Probably it was kids at the beach burying other kids at the beach, but something made me start thinking again about this video I’ve never really stopped thinking about, where the badger completely buried the carcass of a 50-pound calf to save the meat for later, to the astonishment of scientists.
National Geographic wrote up the discovery:
Over the course of five days, the photos reveal, a single American badger excavated tunnels beneath the calf carcass until the whole thing collapsed into a pit. The badger then covered the carcass completely and constructed a burrow beside it, inside which it feasted on beef for 11 straight days.
Later investigation into the scientific literature revealed no one had ever recorded a badger entomb anything larger than a jackrabbit.
The video bounced around the internet for the minimum interest-cycle two years and then was gone. It left me wondering, though: if a lone badger could make a whole calf vanish, what else might badgers have buried through the years? What if sometimes they buried people? Why wouldn’t they have, now that we know they can?

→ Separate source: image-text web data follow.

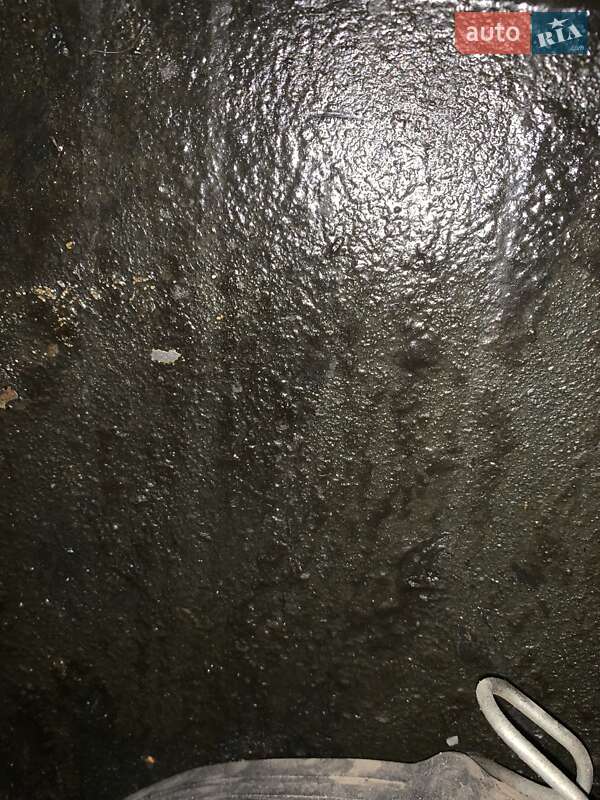 Внедорожник / Кроссовер ВАЗ / Lada 21214 / 4x4 2016 в Малой Турье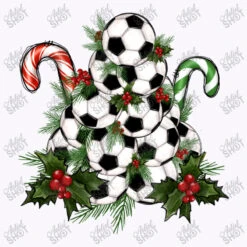 Lightning Soccer Christmas Tree Tank Top -Noel Outfits Store d.2526801483.25097200.s3.1 f9f7fc YXJ0aXN0c2hvdA 800x800 1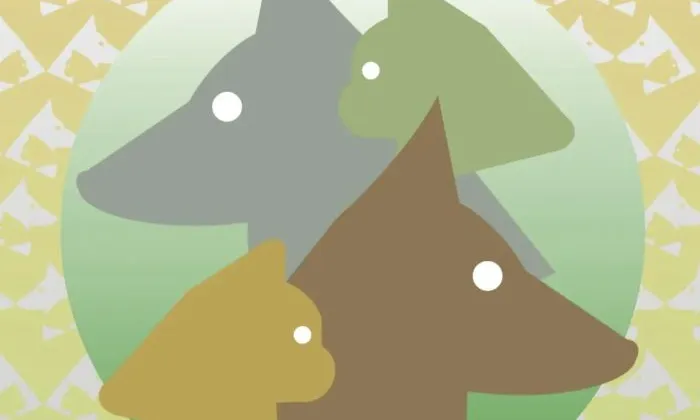 Cartell de la II Fira de Benestar Animal de Tortosa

A shallow grave in the desert is supposed to be canonical evidence of homicide. Now here’s evidence that a large body can vanish into a shallow grave without any human involvement. Are there unsolved murder cases out there with no murder in them at all? Are there people who believe their loved ones were killed when really their loved ones died of natural causes with a badger around? It’s not especially nice to picture your loved one being cached underground for a badger to snack on, but it would have to be better than the alternative.